REPUBLIKA.CO.ID, JAKARTA -- Mahkamah Konstitusi (MK) tak setuju jika Putusan No. 36/PUU-XV/2017 tentang Hak Angket DPR dianggap sebagai upaya pelemahan terhadap Komisi Pemberantasan Korupsi (KPK). Justru, putusan tersebut dianggap memperkuat KPK dengan dibatasinya DPR dalam melakukan hak angket kepada mereka.

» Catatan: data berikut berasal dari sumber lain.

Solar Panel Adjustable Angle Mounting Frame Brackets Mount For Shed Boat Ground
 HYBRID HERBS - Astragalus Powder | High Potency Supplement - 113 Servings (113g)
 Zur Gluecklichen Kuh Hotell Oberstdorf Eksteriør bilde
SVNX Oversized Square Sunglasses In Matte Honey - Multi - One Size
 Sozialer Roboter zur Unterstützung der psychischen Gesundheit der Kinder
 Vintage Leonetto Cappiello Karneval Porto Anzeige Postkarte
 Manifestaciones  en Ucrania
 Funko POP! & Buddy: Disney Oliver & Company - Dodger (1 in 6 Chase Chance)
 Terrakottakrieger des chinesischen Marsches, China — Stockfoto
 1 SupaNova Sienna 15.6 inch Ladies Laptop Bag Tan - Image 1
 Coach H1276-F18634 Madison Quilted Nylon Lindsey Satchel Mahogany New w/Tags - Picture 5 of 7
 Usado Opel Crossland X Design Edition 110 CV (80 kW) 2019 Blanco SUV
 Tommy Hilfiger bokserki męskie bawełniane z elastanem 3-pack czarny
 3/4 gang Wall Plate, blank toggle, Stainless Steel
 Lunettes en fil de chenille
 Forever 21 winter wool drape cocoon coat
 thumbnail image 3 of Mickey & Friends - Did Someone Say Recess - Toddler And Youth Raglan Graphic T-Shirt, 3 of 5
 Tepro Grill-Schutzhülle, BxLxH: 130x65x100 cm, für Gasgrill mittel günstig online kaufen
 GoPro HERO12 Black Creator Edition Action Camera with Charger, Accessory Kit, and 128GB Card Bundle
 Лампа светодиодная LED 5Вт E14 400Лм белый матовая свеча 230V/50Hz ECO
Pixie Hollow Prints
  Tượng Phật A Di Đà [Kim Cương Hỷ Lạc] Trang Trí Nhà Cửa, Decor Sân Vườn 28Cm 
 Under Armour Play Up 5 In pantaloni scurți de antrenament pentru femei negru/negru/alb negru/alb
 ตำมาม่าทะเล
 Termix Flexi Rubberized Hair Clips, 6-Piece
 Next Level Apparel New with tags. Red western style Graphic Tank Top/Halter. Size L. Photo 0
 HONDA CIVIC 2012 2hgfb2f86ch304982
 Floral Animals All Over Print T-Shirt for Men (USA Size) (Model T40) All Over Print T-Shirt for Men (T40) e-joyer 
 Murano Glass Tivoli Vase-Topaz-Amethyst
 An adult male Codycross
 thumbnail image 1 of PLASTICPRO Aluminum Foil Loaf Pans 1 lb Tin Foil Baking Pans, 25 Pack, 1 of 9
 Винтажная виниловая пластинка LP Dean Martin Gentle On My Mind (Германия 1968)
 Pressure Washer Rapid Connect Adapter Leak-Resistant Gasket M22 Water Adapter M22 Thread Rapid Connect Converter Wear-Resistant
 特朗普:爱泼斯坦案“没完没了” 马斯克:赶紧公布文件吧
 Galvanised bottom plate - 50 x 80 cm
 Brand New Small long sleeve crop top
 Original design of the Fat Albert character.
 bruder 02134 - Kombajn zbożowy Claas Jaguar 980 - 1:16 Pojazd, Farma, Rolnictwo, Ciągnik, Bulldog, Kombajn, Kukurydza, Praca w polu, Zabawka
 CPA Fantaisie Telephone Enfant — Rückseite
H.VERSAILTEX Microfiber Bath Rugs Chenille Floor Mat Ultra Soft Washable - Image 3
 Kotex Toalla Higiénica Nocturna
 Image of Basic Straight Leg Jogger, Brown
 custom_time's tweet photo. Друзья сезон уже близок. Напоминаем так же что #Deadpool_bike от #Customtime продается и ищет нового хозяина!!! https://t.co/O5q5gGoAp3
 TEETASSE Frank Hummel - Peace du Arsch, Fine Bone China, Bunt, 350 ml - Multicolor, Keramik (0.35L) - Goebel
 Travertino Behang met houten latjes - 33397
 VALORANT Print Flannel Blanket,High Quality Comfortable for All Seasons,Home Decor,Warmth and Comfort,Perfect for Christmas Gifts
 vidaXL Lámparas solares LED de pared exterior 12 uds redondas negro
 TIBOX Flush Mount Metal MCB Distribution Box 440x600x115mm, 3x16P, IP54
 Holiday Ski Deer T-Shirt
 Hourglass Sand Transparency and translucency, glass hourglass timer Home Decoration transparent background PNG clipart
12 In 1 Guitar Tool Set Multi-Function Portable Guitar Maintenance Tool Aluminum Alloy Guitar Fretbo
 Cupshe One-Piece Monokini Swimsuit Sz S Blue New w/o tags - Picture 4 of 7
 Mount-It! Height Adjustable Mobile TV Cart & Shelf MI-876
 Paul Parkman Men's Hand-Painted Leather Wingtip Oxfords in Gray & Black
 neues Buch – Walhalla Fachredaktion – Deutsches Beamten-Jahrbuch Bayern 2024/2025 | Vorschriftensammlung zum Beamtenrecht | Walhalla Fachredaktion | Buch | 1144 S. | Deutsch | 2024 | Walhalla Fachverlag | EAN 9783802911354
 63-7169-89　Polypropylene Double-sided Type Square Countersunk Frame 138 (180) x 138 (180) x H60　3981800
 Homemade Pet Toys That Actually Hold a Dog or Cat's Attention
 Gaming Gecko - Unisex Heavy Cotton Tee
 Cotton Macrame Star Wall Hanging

"Tidak termaktub sedikit pun dalam Pendapat Mahkamah yang kemudian mengesankan, putusan ini merupakan bentuk atau upaya pelemahan terhadap KPK," ujar Juru Bicara MK Fajar Laksono dalam konferensi pers di Gedung MK, Gambir, Jakarta Pusat, Kamis (15/2).

Ia menjelaskan, di dalam Pendapat Mahkamah itu justru ditegaskan posisi KPK yang dalam melaksanakan tugas dan wewenangnya bersifat independen. Walaupun, kata Fajar, hal itu tidak boleh dimaknai tidak tercakup dalam pengawasan DPR sebagai wakil rakyat.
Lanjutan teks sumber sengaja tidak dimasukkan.